Arms industry questions around the BAe rumpus 

One thing about the BAe rumpus is that we are making some very, very powerful and well-financed enemies with every incentive to encourage unfriendly activities directed at us.

For one thing, the company (it seems) is planning to buy US arms manufacturers and move the seat of their operations to the USA. The present publicity is certainly not helpful for any such project. Their gratitude towards us may be limited.

Maybe we should be preparing our ground for this. For example by looking at some of the other issues that could be paraded, and making sure we have our responses worked out . Doing so raises some awkward further questions for BAe.

One argument for having a ‘home-based armaments industry’ is that it means we are not subject to manipulation by foreign suppliers in case of some kinds of hostilities.

Argentina would perhaps offer evidence of this kind of supplier interference from its experience in the late Falklands incivilities. Apparently France not only blocked supplies of fifty Exocet missiles already ordered (Argentina had five operational at start of hostilities) and stopped supplies to Peru in case it passed these on to Argentina, but it also gave the UK full technical details of French equipment and how to counter it, and flew a Mirage and a Super-Etendard plane to the UK so that the RAF pilots could practice against them. Very helpful.

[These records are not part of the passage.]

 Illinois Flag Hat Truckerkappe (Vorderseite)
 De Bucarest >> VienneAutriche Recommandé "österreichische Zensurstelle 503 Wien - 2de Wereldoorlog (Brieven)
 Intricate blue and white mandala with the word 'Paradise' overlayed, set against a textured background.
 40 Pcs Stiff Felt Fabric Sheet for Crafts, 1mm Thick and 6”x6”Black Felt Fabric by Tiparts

The assumption must be that an UK arms supplier would also make sure that UK armed forces had any necessary information to deal with its own equipment and block some details to other customers. Well perhaps not, if Lewis Page is to be believed, at least when it comes to informing UK personnel.. He says that in the recent Balkans campaigns (Bosnia and Kosova) UK forces had to deal with UK unexploded munitions manufactured by BAe. Nothing surprising about that, some munitions do fail. However he says BAe refused to release technical details of fuses to UK UXM clearance teams ‘for reasons of commercial confidentiality’. So the troops had to work out de-arming procedures from first principle. Now if true that is really something… and would an US based BAe be more amenable? (Lewis Page 2006 pp 641-642)*

*( The Lewis Page book ‘Lions, Donkeys and Dinosaurs’ makes a number of very specific allegations against BAe which I cannot evaluate. I just say we need to be aware that this kind of statement is being made and ask that the Party prepare some navigation guidelines for tackling these alleged issues before the press gets confused.)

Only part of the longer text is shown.